[Records provided Boundary: Start]

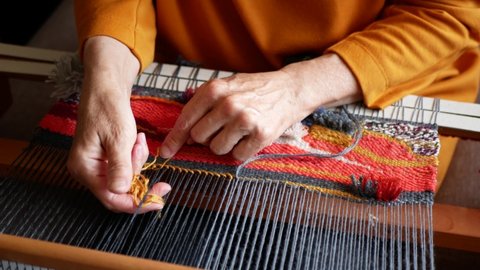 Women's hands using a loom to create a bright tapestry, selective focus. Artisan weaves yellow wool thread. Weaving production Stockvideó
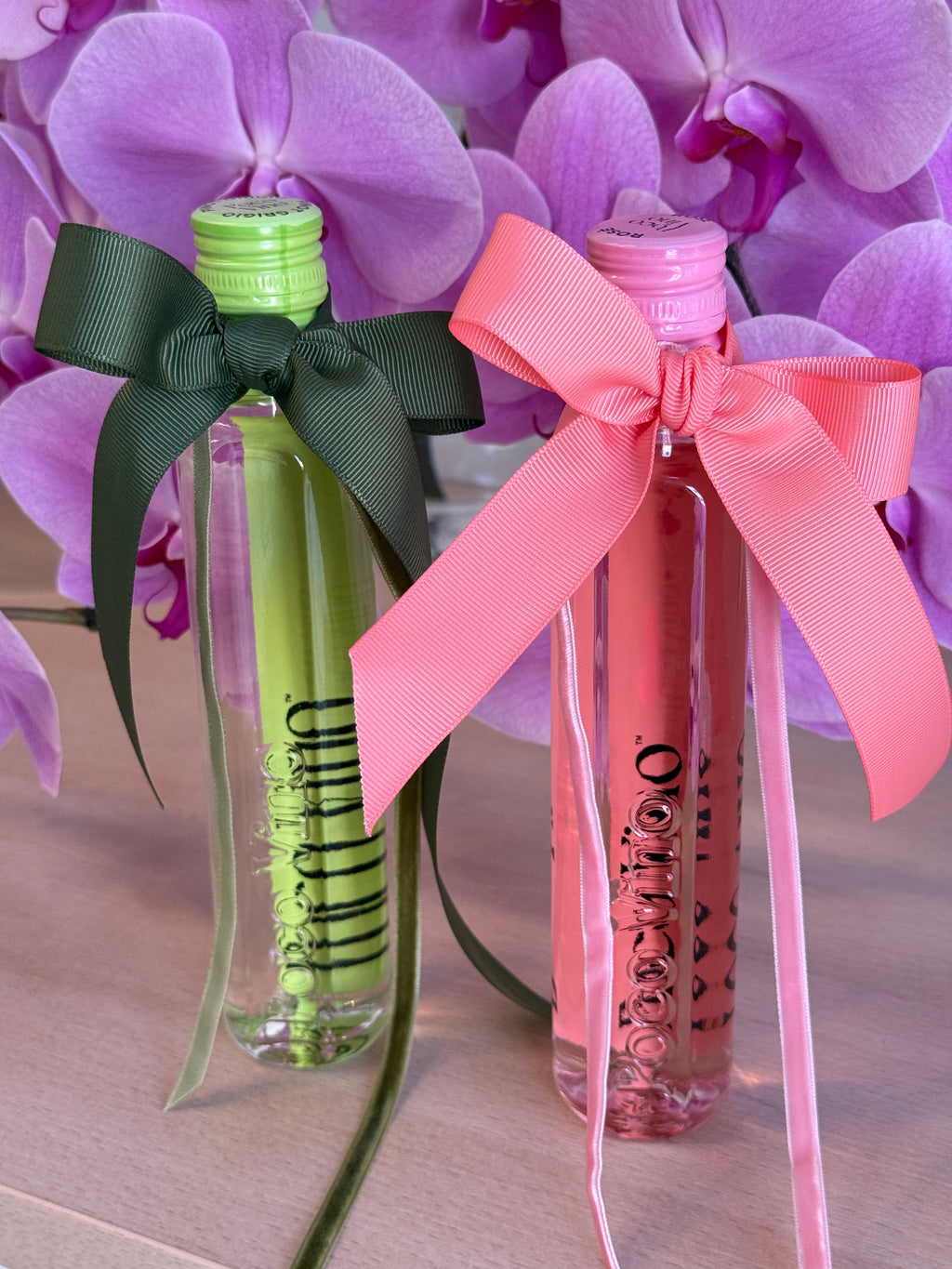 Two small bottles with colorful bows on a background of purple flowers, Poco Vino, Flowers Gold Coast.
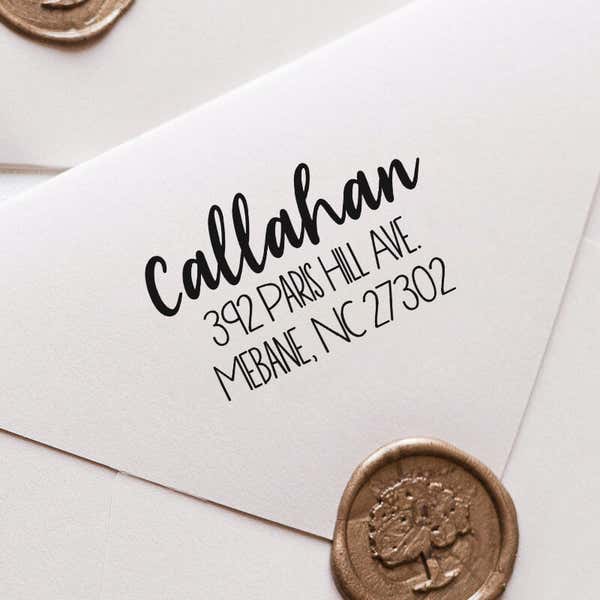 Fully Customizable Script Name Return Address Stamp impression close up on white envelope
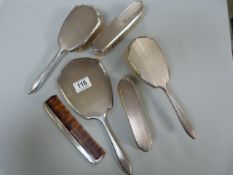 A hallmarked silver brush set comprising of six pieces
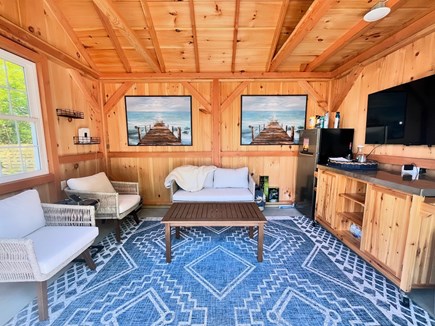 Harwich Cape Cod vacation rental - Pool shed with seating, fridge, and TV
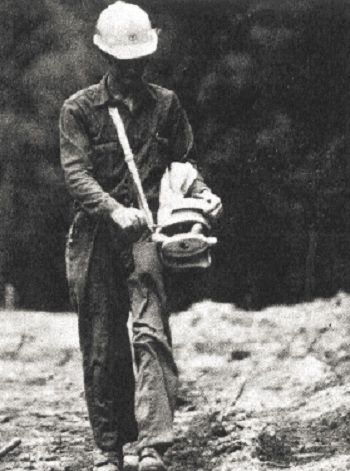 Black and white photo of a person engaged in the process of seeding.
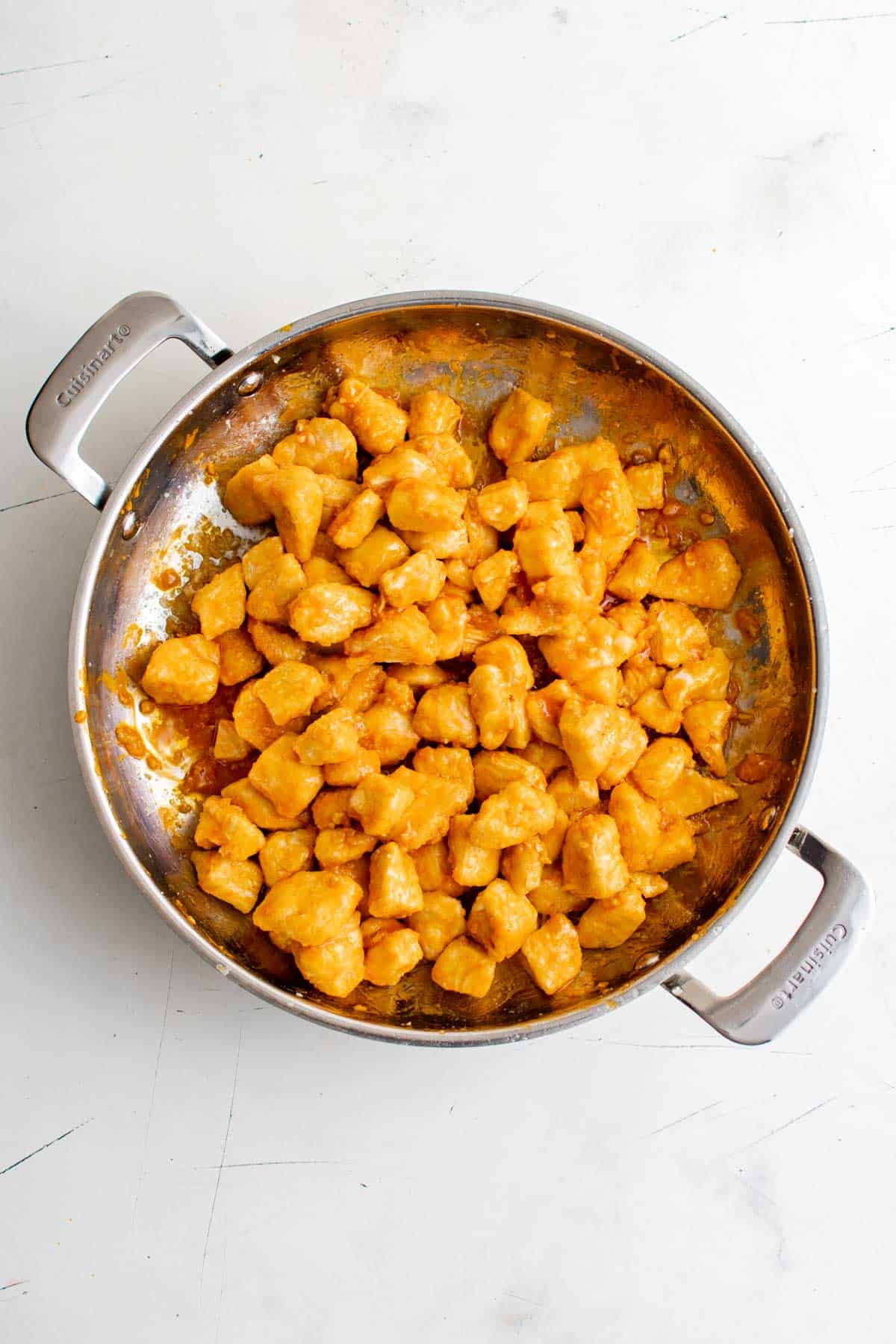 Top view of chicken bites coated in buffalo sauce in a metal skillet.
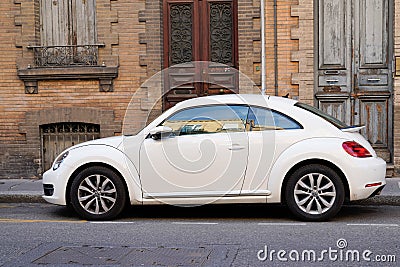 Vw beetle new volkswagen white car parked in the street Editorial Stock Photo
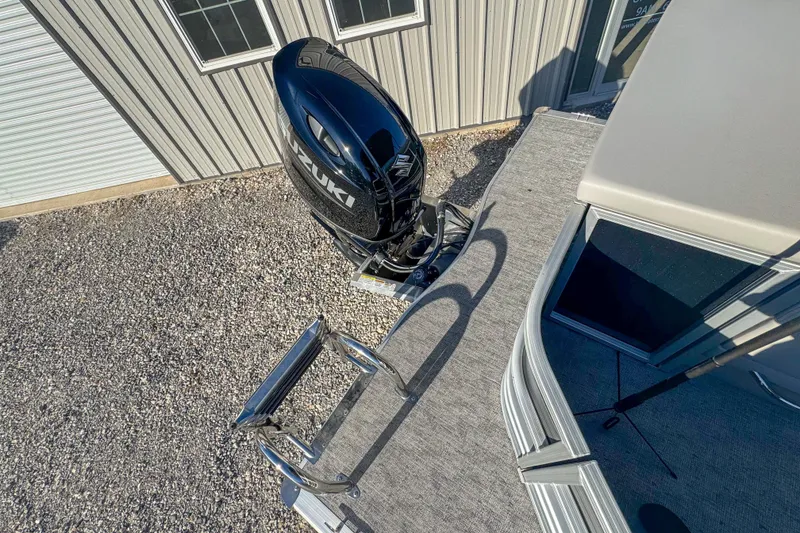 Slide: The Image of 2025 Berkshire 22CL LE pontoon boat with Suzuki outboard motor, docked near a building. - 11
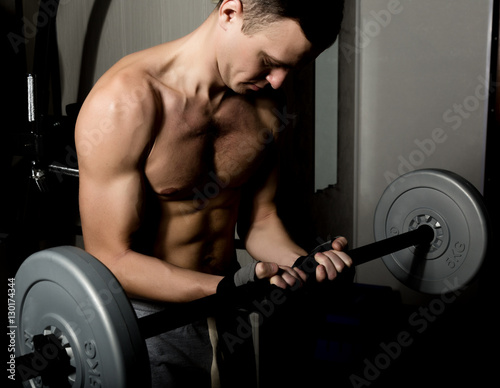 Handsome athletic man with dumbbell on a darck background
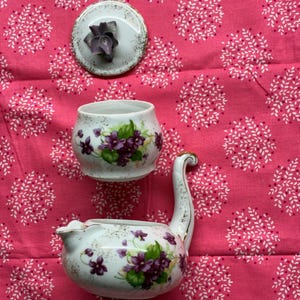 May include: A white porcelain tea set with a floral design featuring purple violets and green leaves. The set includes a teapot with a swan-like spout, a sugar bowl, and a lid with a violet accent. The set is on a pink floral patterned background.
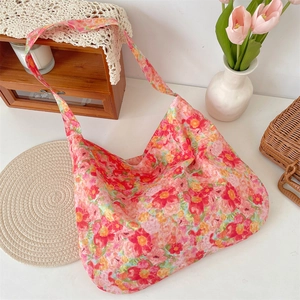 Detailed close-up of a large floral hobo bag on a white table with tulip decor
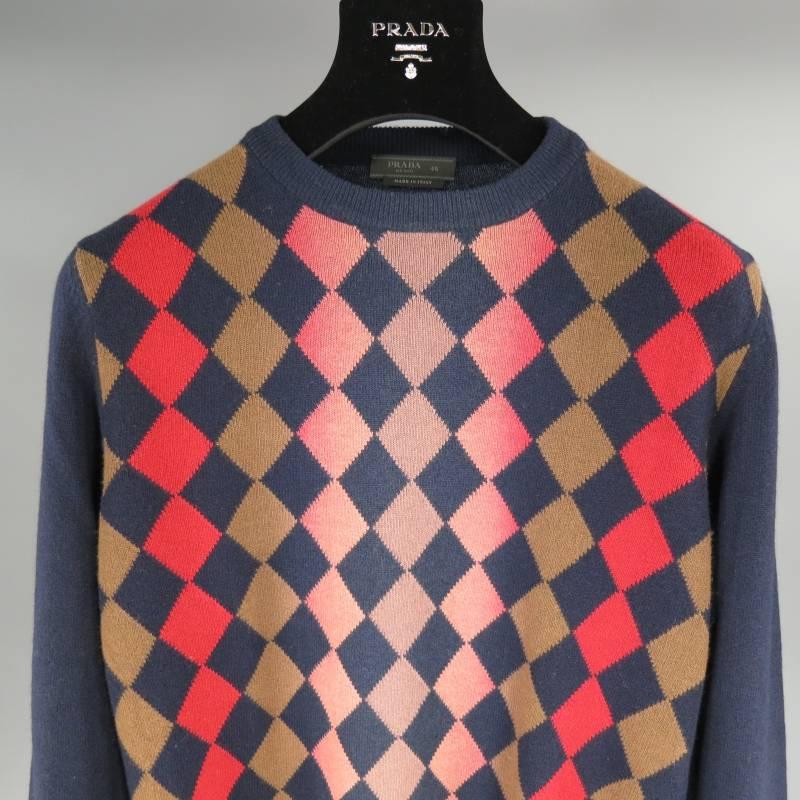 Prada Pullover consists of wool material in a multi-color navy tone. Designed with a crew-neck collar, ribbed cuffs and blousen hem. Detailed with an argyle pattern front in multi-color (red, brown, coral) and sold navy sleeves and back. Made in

[Records provided Boundary: End]

* Task brief: Copy out every entry above, character for character, excluding pictures.

* Result of the exercise:
 Women's hands using a loom to create a bright tapestry, selective focus. Artisan weaves yellow wool thread. Weaving production Stockvideó
 Two small bottles with colorful bows on a background of purple flowers, Poco Vino, Flowers Gold Coast.
 Fully Customizable Script Name Return Address Stamp impression close up on white envelope
 A hallmarked silver brush set comprising of six pieces
 Harwich Cape Cod vacation rental - Pool shed with seating, fridge, and TV
 Black and white photo of a person engaged in the process of seeding.
 Top view of chicken bites coated in buffalo sauce in a metal skillet.
 Vw beetle new volkswagen white car parked in the street Editorial Stock Photo
 Slide: The Image of 2025 Berkshire 22CL LE pontoon boat with Suzuki outboard motor, docked near a building. - 11
 Handsome athletic man with dumbbell on a darck background
 May include: A white porcelain tea set with a floral design featuring purple violets and green leaves. The set includes a teapot with a swan-like spout, a sugar bowl, and a lid with a violet accent. The set is on a pink floral patterned background.
 Detailed close-up of a large floral hobo bag on a white table with tulip decor
 Prada Pullover consists of wool material in a multi-color navy tone. Designed with a crew-neck collar, ribbed cuffs and blousen hem. Detailed with an argyle pattern front in multi-color (red, brown, coral) and sold navy sleeves and back. Made in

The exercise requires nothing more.